The nice things you get from microservices is that they might need to scale differently and cloud foundry makes that quite easy with the 'cf scale' command. They might be used by multiple other microservices, hence creating new scale requirements. So, thinking about what needs to scale and also the release cycle of the functionality helps in deciding what comprises a microservice.
As for ordering, for example, the Google Maps api might be required by your application so it could be said that it should be launched first and your application second. But in reality, your application should take in to account that the maps api might be down. Your goal should be that your app behaves well when a dependent microservice is not available.
The 'apps' of the 'application' know about each due to their name and the URL that the cloud gives it. There are actually many copies of the reference app running in various clouds and spaces. They are prefaced with things like Dev or QA or Integration, etc. Could we get the Dev front end talking to the QA back-end microservice, sure, it's just a URL.
In addition to the aforementioned, etcd (which I haven't tried yet), you can also create a CUPS service 'definition'. This is also a set of key/value pairs. Which you can tie to the Space (dev/qa/stage/prod) and bind them via the manifest.
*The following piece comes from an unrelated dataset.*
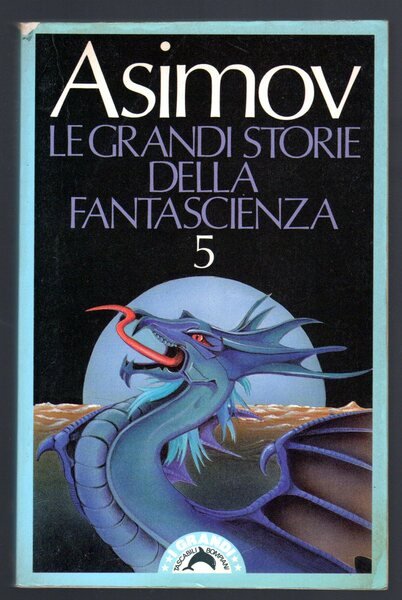 Le grandi storie della fantascienza 5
This way you get the props from the environment.
If micro-services do need to talk to each other, generally its via REST as you have noticed.However microservice purists may be against such dependencies. That apart, service discovery is enabled by publishing available endpoints on to a service registry - etcd in case of CloudFoundry. Once endpoint is registered, various instances of a given service can register themselves to the registry using a POST operation. Client will need to know only about the published end point and not the individual service instance's end point. This is self-registration. Client will either communicate to a load balancer such as ELB, which looks up service registry or client should be aware of the service registry.
For (2), there should not be such a hard dependency between micro-services as per micro-service definition, if one is designing such a coupled set of services that indicates some imminent issues such as orchestrating and synchronizing. If such dependencies do emerge, you will have rely on service registries, health-checks and circuit-breakers for fall-back.